» Work task
Only one span of the material below is wanted. Output it exactly, from the line with "2PCS Nerf Bars" through the line with "ANTIK BATIK Hayward", without any pictures.

» Data shown
---
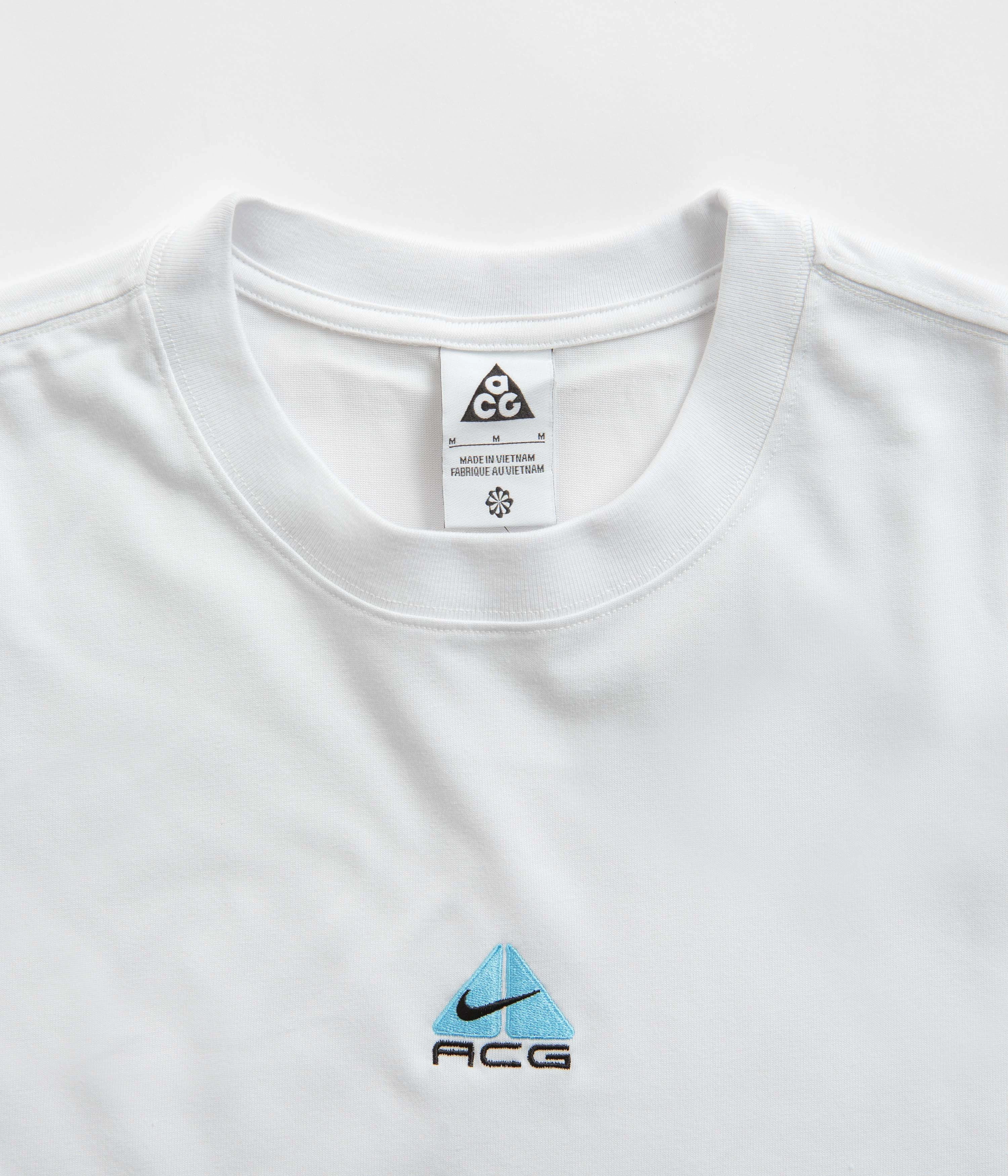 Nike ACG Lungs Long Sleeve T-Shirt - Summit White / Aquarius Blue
---
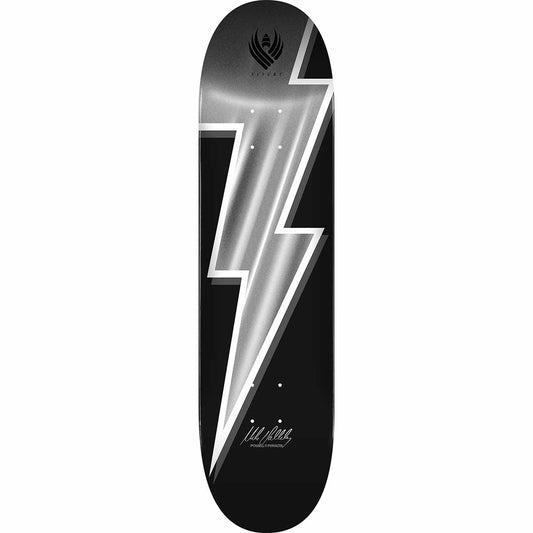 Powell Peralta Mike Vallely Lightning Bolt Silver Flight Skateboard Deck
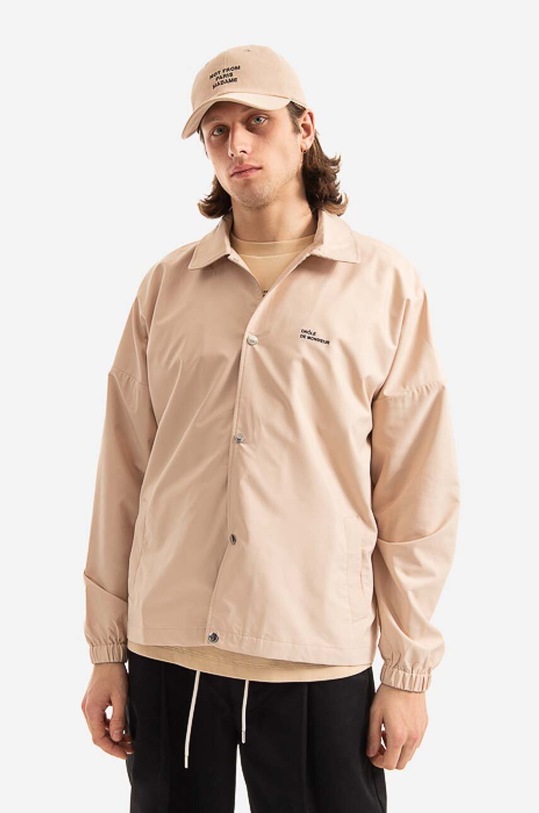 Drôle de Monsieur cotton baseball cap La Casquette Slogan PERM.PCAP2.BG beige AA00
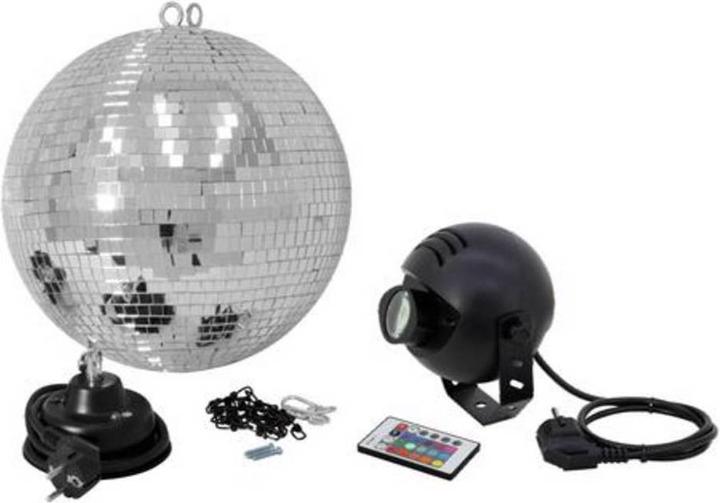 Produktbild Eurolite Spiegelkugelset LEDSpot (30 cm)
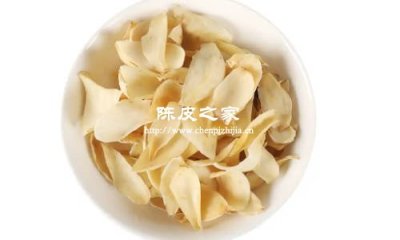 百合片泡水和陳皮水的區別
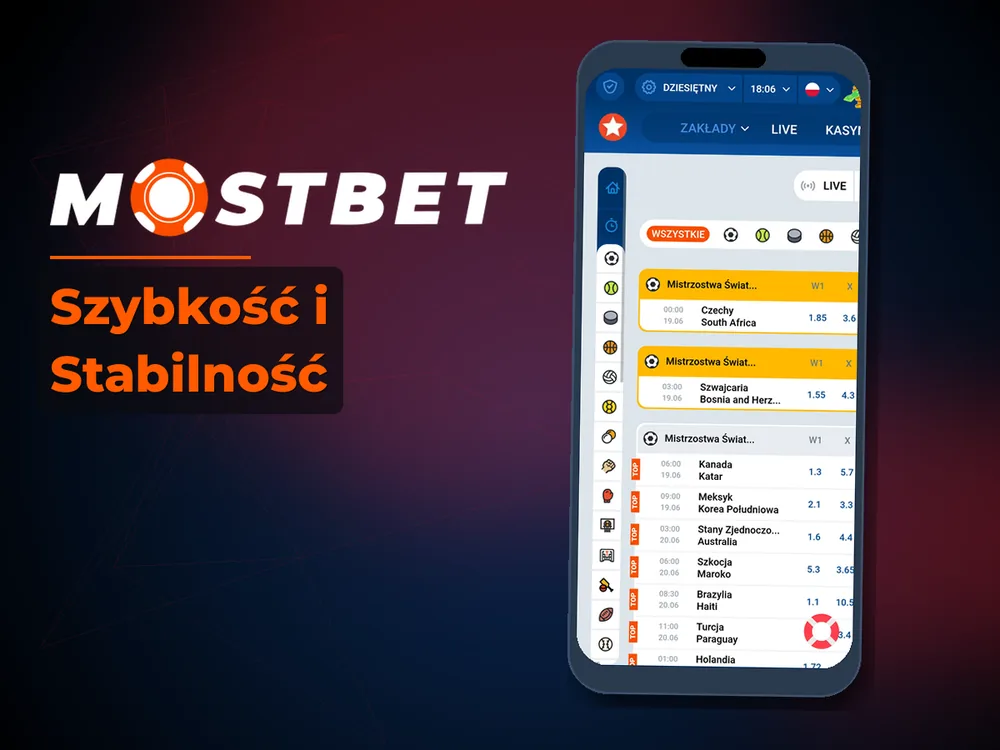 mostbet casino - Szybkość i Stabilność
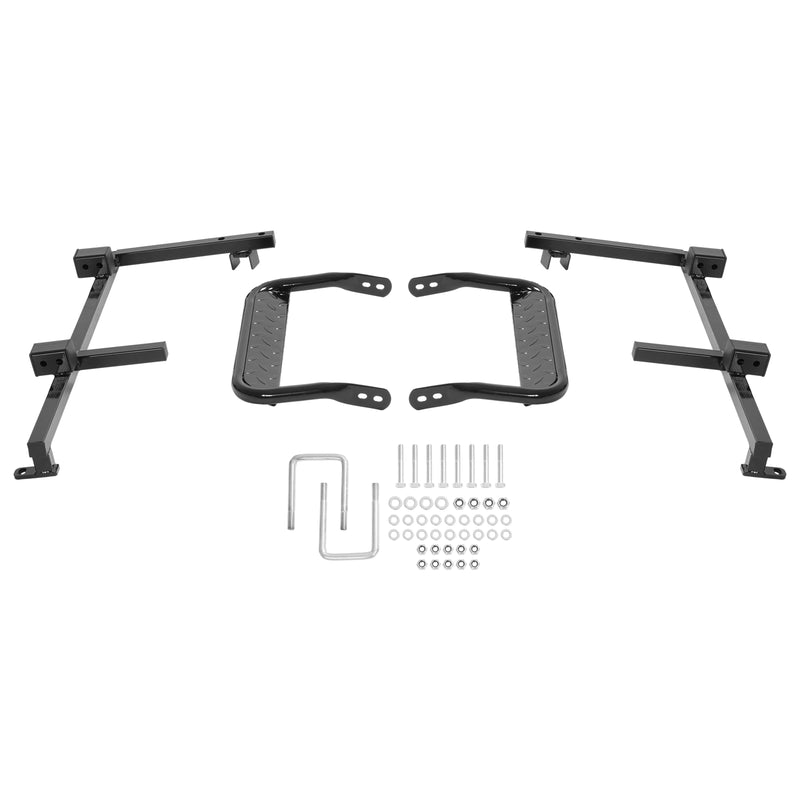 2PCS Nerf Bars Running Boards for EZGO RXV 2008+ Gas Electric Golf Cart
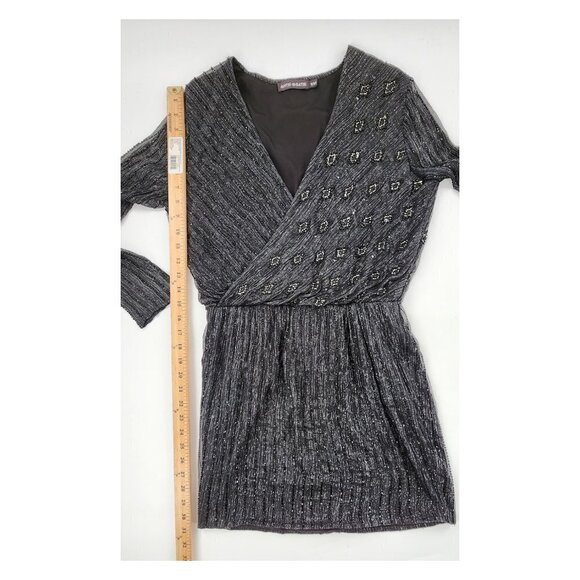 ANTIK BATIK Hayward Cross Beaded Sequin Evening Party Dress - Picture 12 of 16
---
» Solution
 2PCS Nerf Bars Running Boards for EZGO RXV 2008+ Gas Electric Golf Cart
 ANTIK BATIK Hayward Cross Beaded Sequin Evening Party Dress - Picture 12 of 16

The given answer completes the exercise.